*LISTED RECORDS*
━━━
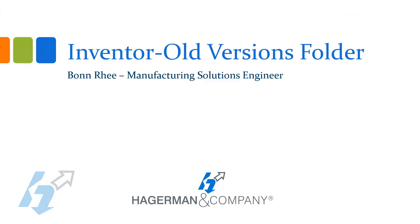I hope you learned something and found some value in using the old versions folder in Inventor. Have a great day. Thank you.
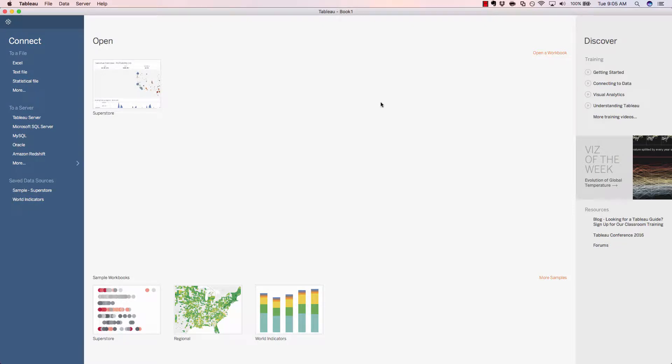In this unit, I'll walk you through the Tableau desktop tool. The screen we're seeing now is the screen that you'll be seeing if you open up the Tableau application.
━━━
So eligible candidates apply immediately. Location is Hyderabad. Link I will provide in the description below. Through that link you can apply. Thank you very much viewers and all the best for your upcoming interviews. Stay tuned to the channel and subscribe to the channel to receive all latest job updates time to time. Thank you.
━━━
*WHAT IS EXPECTED*
Set down exactly the lines above, from the line containing "I hope you learned" through the line containing "In this unit, I'll". Skip the pictures.

*WRITTEN RESPONSE*
I hope you learned something and found some value in using the old versions folder in Inventor. Have a great day. Thank you.
In this unit, I'll walk you through the Tableau desktop tool. The screen we're seeing now is the screen that you'll be seeing if you open up the Tableau application.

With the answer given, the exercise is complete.